India's Aircraft Accident Investigation Bureau (AAIB) has said the investigation into the Air India crash is ongoing, with the final report to be released upon its completion. This was reported by Qazaqyia.kz citing BBC News.
The crash occurred on 12 June 2025. The Boeing 787 Dreamliner crashed shortly after taking off from Ahmedabad en route to London. The plane came down about 6km (3.7 miles) away from the airport, crashing into a building used as doctors' accommodation at the Byramjee Jeejeebhoy Medical College and Civil Hospital, and causing an explosion.

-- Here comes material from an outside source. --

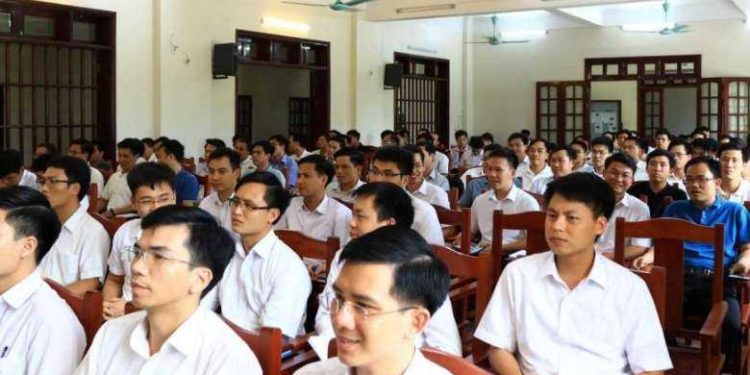 Vietnam bishop encourages seminarians to be missionaries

The crash killed 260 people: 241 on board and 19 on the ground. Of those killed, 169 were Indian nationals and 53 were Britons. One person survived – Viswashkumar Ramesh, from Leicester.

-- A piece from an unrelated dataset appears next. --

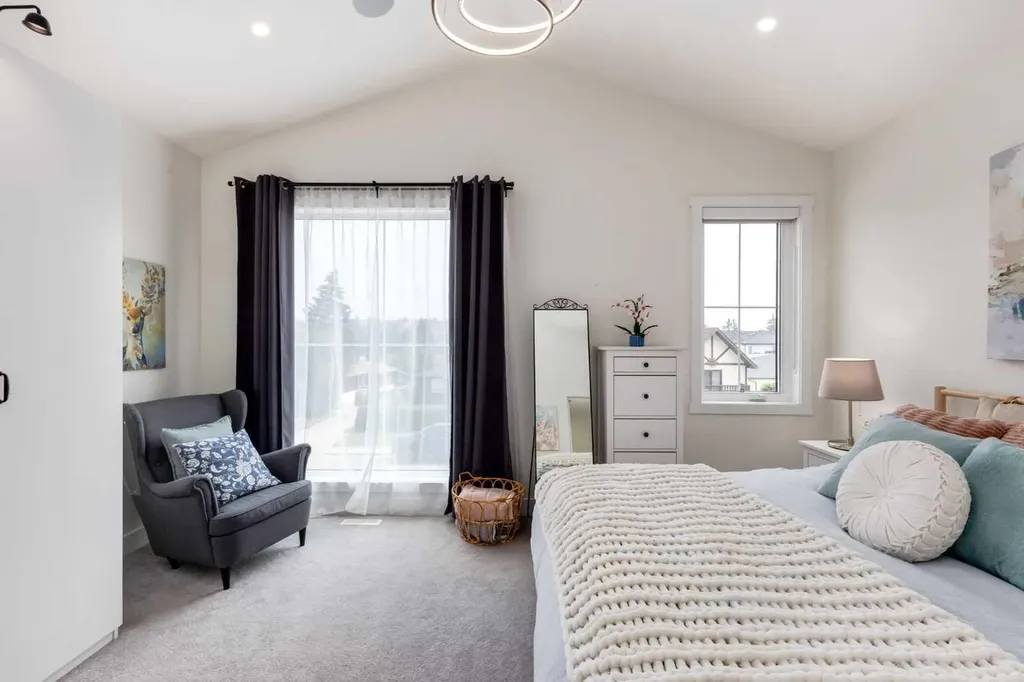 4629 72 Street NW Calgary AB T3B 2L3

Friday's update from the AAIB said "significant progress" had been made, in particular to "the examination and analysis of aircraft systems, flight recorder data, engine-related components, maintenance and operational records". But it did not give a date for the investigation's completion.
An initial preliminary report was published on 12 July last year, finding that just seconds after take-off, fuel-control switches abruptly moved to the "cut-off" position, starving the engines of fuel and triggering total power loss. Audio recordings from the cockpit captured one pilot asking the other why he had done it, with the other replying that he had not. Investigators did not identify which pilot made either statement.
In the days after its release, attention turned to the pilots. The Wall Street Journal and Reuters news agency reported that new details in the investigation were shifting attention towards the senior pilot in the cockpit – Capt Sumeet Sabharwal. "A cockpit recording of dialogue between the two pilots of the Air India flight" that crashed last year supports the view that the "captain cut the flow of fuel to the plane's engines", the Reuters report said, citing unnamed sources.
The media reports prompted a strong backlash from pilots' associations in India, which criticised the coverage and rejected suggestions that the senior pilot had caused the crash, as well as the AAIB.
This week, Capt Sabharwal's father, Pushkar Raj, who is in his 90s, told the BBC he was determined to keep protecting his son's reputation in the face of the allegations. "You see, every time an accident takes place, the pilot is blamed. Why? It's the simplest way to close the chapter. He is no more and cannot defend himself," he said.
The AAIB statement emphasised that the "sole purpose of an accident investigation is to enhance aviation safety through the identification of lessons and safety recommendations, and not to apportion blame or liability".